◆ **WORK TASK**: Please repeat, exactly and without pictures, the lines of the entries below that run from the one containing "Volkswagen Tayron 2.0 TDI R-Line" through the one containing "-龙膜大拇指专业汽车贴膜隐形车衣(河北店)".

◆ **PROVIDED RECORDS**:
-- Opening Marker --

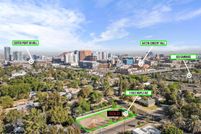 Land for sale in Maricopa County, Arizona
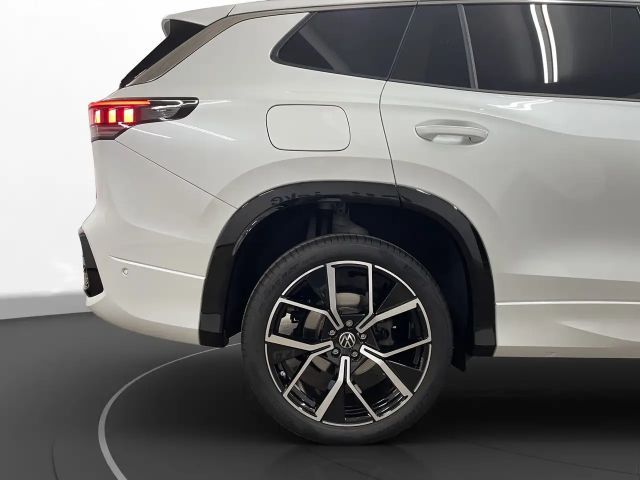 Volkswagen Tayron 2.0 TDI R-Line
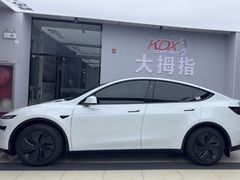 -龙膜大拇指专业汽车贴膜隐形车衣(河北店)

-- Closing Marker --
-- Opening Marker --

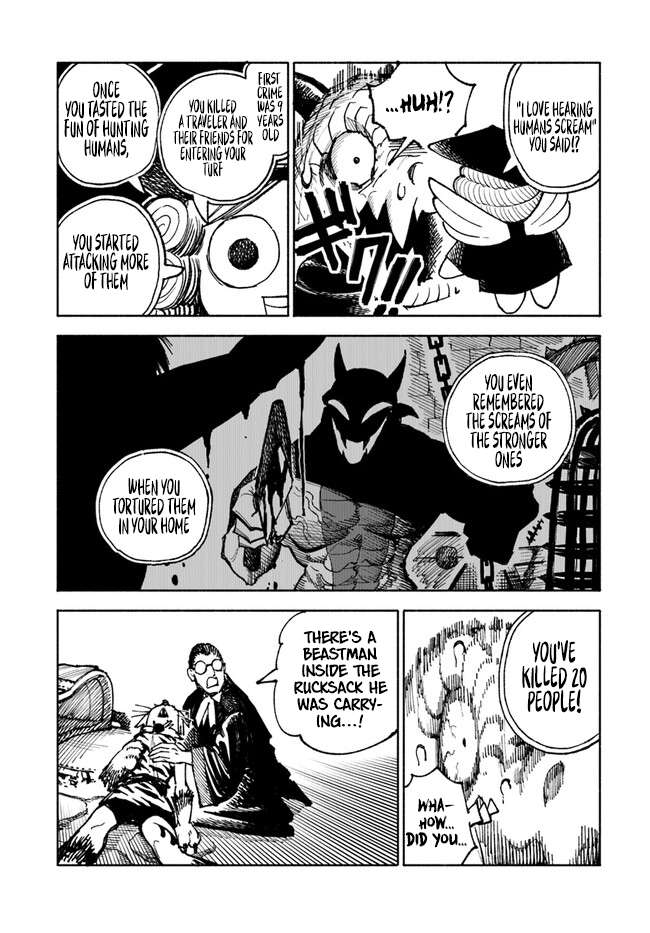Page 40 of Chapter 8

-- Closing Marker --

◆ **RESPONSE TO THE TASK**:
 Volkswagen Tayron 2.0 TDI R-Line
 -龙膜大拇指专业汽车贴膜隐形车衣(河北店)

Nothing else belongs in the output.